Coenzyme Q₁₀ (CoQ₁₀) is a fat-soluble quinone found in all cells, essential for adenosine triphosphate generation via mitochondrial oxidative phosphorylation (1). Its depletion might exacerbate chronic heart failure (CHF) (2- 3).

It has been demonstrated that total cholesterol (TC) is related to survival in CHF (4- 7). Rauchhaus et al. (5) reported that lower serum TC was independently associated with total mortality in a CHF cohort independent of etiology, age, left ventricular ejection fraction, and exercise capacity. The mechanisms postulated were that cholesterol might limit lipopolysaccharide-induced production of cytokines, and thus high levels of cholesterol might confer a survival advantage (5). They also postulated that high cholesterol might provide “greater metabolic reserve” to deal with the CHF syndrome. The authors did not, however, refer to CoQ₁₀, which is known to correlate with TC concentration (8) and which might contribute to the worse outcomes seen in CHF patients with low cholesterol. Myocardial deficiency of CoQ₁₀ has been demonstrated in heart failure, and the severity of the deficiency correlated with severity of symptoms. Patients in New York Heart Association (NYHA) functional class IV have significantly lower CoQ₁₀ in endomyocardial biopsy samples than those in NYHA functional class I (3).

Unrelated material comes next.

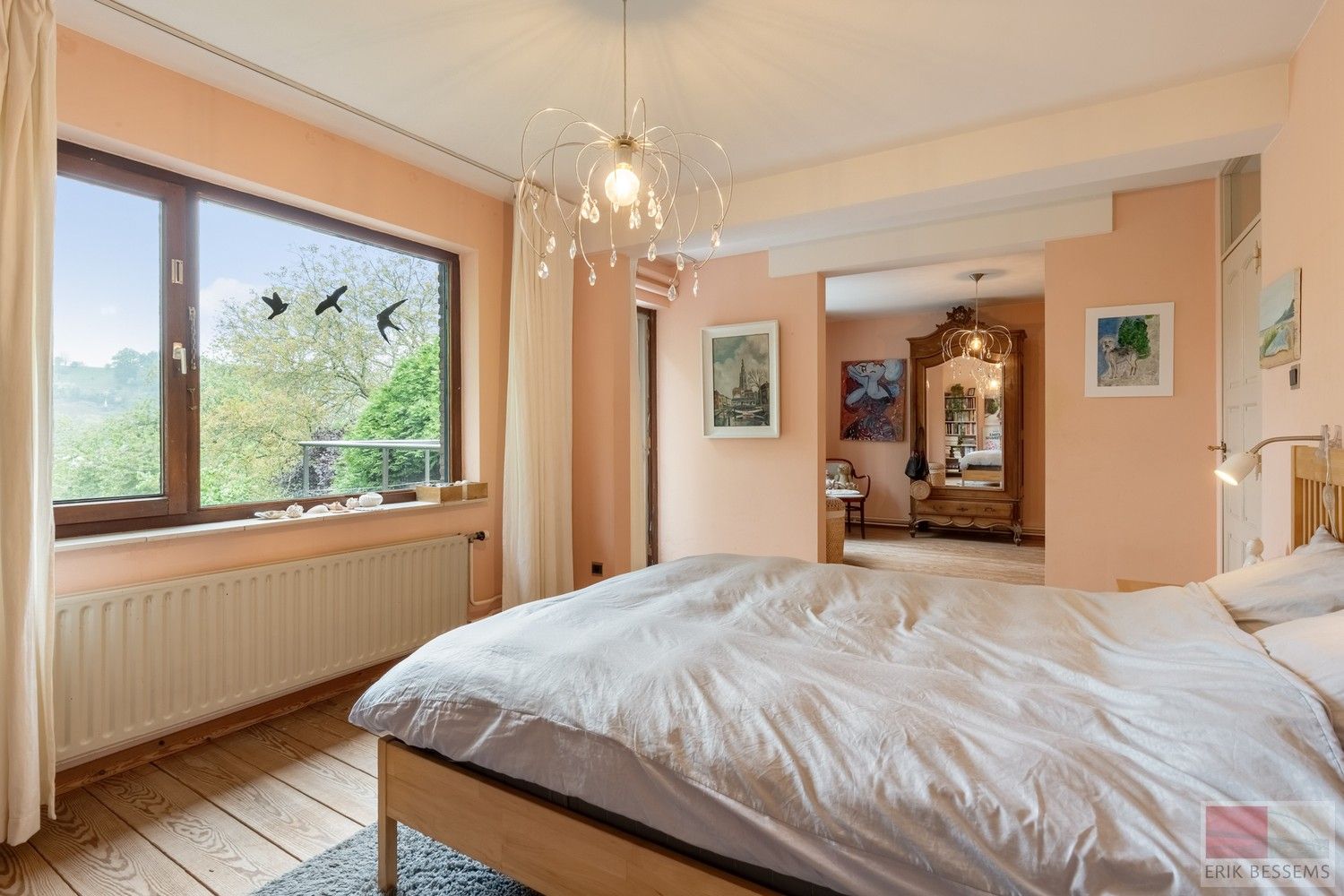 Karaktervolle woning uit 1980 bevindt zich op een perceel van maar liefst 1.399 m² en biedt een bewoonbare oppervlakte van 278 m² foto 22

Although beneficial effects of CoQ₁₀ supplementation in CHF have been reported (9- 23) and intervention studies such as Q-SYMBIO have been initiated (24), CoQ₁₀ levels have not been previously related to outcomes of heart failure in observational studies. Therefore, we tested the hypothesis that CoQ₁₀ is associated with cholesterol and predicts mortality in patients with CHF.

This study was part of an ongoing cohort study of biomarkers in heart failure, with data collected systematically and prospectively. The CoQ₁₀ hypothesis was generated retrospectively.

Patients able to give informed consent were recruited during admission to Christchurch Hospital with symptomatic CHF satisfying Framingham (25) (2 major and 2 minor criteria present concurrently) and European Society of Cardiology (26) criteria, between July 2000 and December 2004. Plasma N-terminal peptide of B-type natriuretic peptide (NT-proBNP) was required to be over 50 pmol/l. Exclusion criteria included active myocarditis/pericarditis, life expectancy due to noncardiovascular disease of <24 months, severe hepatic or pulmonary disease (forced expiratory volume <1 l), renal impairment (plasma creatinine >250 μmol/l), transient heart failure from myocardial infarction (MI) treated with acute revascularization and a subsequent ejection fraction during the index hospital admission of >40%, severe valvular disease being considered for surgery, severe aortic stenosis (valve area <1 cm²), heart failure secondary to mitral stenosis, under consideration for cardiac transplantation, and age <18 years. A total of 3,576 patients were screened, yielding 998 eligible patients, of which 236 qualifying patients were enrolled. Eighty-four patients were excluded from the consented population on the basis of the exclusion criteria, primarily due to a reduction in NT-proBNP between consent (during hospital stay) and blood sampling. Qualifying patients visited within 28 days of the index hospital admission for collection of blood plasma samples, which were stored at −80°C.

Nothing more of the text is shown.